In tutto questo c’è una persona che da giorno 14 agosto 2020 è da sola. Si chiama Giuseppe Raffaele. Le uniche due spalle che, tutta questa situazione, l’hanno dovuta sorreggere e portare, e sì, anche mascherare, come se nulla al di fuori del rettangolo verde stesse accadendo. In assoluto silenzio. Già messo sulla graticola nelle prime fasi della stagione, ha saputo rialzare le sorti di una squadra facendo anche illudere potesse fronteggiare le prime della classe. Illusione, appunto. Inutile andare ad elencare i motivi per cui il paragone con Ternana, Bari e Avellino è impensabile. Certo, il mister avrà certamente anche le sue responsabilità, di natura tecnica, tattica e di qualsiasi altro genere, ma d’altro canto, davvero va chiesta la sua testa per via di responsabilità che, ad oggi, hanno la conseguenza di non giocarsela con quelle tre davanti?
In tutto questo, mai una parola di fiducia, mai un esporsi in maniera netta per consolidare la posizione del tecnico. Anzi, proprio di ieri la querelle a distanza fra l’ex capitano rossazzurro Marco Biagianti, e il direttore Sportivo Maurizio Pellegrino, che ha affermato come sarebbe stata una scelta tecnica di Raffaele, quella di determinare l’addio dello stesso Biagianti. L’ex numero 27 ha affidato ai social una risposta al vetriolo, invitando il direttore ad assumersi le proprie responsabilità e non addossare, come se ce ne fosse bisogno specie in un momento così, ulteriori “colpe” a Raffaele. Non è di certo il momento di affrontare i retroscena della vicenda della mancata conferma di Biagianti, così come non era il momento di accostare al tecnico una vicenda tanto delicata e tanto sentita per il popolo rossazzurro, con l’effetto di ampliare il sentimento di diffidenza verso il mister.

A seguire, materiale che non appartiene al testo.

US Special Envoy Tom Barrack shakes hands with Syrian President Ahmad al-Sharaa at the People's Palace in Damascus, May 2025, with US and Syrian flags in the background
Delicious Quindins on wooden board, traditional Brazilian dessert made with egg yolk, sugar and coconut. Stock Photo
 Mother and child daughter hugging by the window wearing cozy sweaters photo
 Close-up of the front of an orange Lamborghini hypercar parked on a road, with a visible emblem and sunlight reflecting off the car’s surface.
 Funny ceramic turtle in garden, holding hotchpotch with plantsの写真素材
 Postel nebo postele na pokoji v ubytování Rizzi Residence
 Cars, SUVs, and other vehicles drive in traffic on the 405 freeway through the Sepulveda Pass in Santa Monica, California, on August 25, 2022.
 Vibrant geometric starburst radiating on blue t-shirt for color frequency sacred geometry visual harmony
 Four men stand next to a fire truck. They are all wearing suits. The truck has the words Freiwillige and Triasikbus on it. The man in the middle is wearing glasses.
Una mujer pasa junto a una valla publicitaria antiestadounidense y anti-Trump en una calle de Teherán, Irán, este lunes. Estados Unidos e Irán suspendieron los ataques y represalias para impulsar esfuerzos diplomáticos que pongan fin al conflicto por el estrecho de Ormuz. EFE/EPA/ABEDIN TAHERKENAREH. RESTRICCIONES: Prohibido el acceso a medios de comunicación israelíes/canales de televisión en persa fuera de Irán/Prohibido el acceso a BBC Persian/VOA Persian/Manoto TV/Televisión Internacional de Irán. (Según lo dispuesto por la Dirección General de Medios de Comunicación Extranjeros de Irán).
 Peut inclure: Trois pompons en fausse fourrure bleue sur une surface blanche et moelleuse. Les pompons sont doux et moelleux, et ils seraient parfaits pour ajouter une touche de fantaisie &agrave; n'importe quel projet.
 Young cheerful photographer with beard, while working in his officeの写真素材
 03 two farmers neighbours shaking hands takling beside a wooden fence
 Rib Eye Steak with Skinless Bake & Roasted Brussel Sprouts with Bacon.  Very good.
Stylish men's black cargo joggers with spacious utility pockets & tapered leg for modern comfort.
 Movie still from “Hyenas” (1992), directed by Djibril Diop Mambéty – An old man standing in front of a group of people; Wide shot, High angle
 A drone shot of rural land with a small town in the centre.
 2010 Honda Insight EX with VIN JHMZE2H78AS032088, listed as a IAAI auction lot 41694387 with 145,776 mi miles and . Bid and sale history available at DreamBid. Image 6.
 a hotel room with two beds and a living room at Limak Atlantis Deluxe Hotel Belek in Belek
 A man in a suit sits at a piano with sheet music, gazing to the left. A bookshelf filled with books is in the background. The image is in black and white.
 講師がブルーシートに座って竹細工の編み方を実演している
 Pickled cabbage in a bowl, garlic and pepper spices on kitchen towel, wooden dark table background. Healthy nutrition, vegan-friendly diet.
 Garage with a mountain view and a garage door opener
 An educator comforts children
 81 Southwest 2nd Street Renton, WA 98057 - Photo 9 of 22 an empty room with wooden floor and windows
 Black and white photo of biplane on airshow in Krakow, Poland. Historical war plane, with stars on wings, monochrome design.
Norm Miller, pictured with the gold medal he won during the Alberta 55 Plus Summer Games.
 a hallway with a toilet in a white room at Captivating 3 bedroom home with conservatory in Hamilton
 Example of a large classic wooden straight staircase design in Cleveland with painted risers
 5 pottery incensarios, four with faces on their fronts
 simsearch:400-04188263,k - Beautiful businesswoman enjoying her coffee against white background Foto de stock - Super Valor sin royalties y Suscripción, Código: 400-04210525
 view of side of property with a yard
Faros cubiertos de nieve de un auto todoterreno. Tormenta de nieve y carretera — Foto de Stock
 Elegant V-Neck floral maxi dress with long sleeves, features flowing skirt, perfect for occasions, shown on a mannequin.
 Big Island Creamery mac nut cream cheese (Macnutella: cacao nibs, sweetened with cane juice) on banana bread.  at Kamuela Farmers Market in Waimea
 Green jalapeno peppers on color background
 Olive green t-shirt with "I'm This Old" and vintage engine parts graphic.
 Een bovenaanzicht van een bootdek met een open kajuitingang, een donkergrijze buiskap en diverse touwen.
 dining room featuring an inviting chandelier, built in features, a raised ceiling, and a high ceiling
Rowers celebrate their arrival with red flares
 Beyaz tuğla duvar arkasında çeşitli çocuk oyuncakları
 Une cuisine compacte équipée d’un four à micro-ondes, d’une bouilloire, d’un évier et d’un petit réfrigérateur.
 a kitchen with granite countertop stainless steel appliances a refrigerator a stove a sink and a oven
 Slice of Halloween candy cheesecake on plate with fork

Si diceva che da queste parti le cose erano cambiate, e che certe dinamiche andavano messe alle spalle, e ciò vale per tutti. Basta con queste sensazioni di fiducia a tempo, di “chi va là” in attesa del prossimo passo falso, pronti ad assaltare il capro espiatorio. Basta con la caccia alle teste, non c’è nessuna testa da cacciare. C’è un progetto tecnico, che in quanto tale coinvolge tutti, a cui si crede o non si crede, ma che lo si faccia fino alla fine. Non cade mai solo l’allenatore, perché se così fosse, Cristiano Lucarelli non sarebbe a Terni alla guida di un carro armato invincibile. O si va avanti, tutti ed insieme, oppure ad affondare sarà sempre e solo il Catania.